History lessons. That’s what you’ve got to take a lot of if you want to understand Thailand in any significant way because the Thais themselves seem to live wholly in the present. In Europe and the Islamic countries you can feel the soft texture of history as it covers caravan routes, old churches and mosques. In Israel independence was only in 1948 and yet half the people you bump into are part of some legend or other. Even in India where the ruins are crumbling to the ground and half buried under piles of plastic bags there are still ruins and these ruins are part of a living dynamic, if generally unpleasant, present.

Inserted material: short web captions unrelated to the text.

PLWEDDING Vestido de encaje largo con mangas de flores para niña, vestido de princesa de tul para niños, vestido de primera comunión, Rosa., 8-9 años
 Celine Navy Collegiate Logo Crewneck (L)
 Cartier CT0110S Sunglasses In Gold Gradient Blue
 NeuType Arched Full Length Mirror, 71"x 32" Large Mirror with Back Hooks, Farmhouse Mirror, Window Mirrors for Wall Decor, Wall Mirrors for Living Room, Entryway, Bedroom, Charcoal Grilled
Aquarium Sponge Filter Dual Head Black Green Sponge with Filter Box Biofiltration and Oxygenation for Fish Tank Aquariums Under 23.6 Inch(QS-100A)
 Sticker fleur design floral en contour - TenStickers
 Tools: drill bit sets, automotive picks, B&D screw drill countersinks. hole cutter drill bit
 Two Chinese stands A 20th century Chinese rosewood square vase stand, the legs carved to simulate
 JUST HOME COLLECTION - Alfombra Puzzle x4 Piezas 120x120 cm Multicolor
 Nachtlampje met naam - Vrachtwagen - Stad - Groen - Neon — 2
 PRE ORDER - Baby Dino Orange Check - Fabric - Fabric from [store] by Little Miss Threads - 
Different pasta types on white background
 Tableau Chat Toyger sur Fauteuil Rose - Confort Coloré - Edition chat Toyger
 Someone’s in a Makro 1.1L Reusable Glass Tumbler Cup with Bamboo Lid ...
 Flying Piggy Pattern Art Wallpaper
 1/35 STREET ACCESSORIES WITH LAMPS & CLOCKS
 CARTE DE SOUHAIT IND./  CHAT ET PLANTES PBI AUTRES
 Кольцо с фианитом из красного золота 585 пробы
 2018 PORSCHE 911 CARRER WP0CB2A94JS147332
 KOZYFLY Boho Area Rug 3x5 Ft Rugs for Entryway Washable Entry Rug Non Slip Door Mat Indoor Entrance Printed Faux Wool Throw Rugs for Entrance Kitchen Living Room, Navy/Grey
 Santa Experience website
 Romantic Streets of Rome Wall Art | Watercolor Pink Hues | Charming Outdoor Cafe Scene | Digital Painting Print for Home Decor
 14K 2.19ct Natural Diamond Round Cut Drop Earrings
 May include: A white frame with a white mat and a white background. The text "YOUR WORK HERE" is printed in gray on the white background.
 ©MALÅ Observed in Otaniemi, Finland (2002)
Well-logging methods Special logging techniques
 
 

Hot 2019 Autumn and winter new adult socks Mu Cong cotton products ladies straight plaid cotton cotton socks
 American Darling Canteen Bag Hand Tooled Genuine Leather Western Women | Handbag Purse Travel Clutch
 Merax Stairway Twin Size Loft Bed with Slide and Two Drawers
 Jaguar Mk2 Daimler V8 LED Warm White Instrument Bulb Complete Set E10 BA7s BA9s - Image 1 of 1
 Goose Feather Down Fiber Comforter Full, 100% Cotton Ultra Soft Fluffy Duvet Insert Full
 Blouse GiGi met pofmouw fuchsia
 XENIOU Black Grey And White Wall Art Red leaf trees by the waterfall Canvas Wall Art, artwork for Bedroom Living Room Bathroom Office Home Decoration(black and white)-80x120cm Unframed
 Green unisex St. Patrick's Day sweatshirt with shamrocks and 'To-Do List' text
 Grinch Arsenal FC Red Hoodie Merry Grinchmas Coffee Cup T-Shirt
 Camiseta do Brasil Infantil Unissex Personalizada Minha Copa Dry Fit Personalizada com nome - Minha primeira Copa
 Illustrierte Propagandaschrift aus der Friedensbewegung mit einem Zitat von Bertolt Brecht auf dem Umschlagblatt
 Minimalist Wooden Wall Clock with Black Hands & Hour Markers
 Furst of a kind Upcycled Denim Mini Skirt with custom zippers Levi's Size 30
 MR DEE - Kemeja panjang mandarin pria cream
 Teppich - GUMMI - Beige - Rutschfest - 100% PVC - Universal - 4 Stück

In Thailand there’s none of that. Maybe it’s because most structures were built out of wood and so little of the great old houses survive. Maybe because in their forced march to economic success the Thais have said their farewells to a past too expensive to maintain. In Thailand everything is Disney fresh. If it’s not plastic and concrete it’s not happening. A ride out into the countryside is refreshing because then you get to see houses built at the turn of the century, the 20th century, and you get that lived-in feel to things again.

It’s the same with music. In every country we have passed through there is always at least one radio station playing traditional music. Ah, we remember Greek radio! Today the Thais listen to a kind of sterile musak which would be perfectly at home in an elevator. No stress music. At night the streets of every city and town become alive with the competing nebulousness of monotonic noise from different koroake bars which are basically whore-houses with microphones and speakers. The girls stand on stage wearing very short skirts and sing off tune into the mike, hoping she sounds romantic enough for some client to invite her over for a drink or more. There’s a sad desperate quality to the whole scene that makes you understand that any music with any life at all in it would be unbearable in such a situation. Better to be anaesthetised, better to be lulled than forced to face the reality behind such places.

We would like to hear some traditional Thai music and see traditional Thais dance but we know we’re going to have to go to a tourist park to do so. C’est la vie.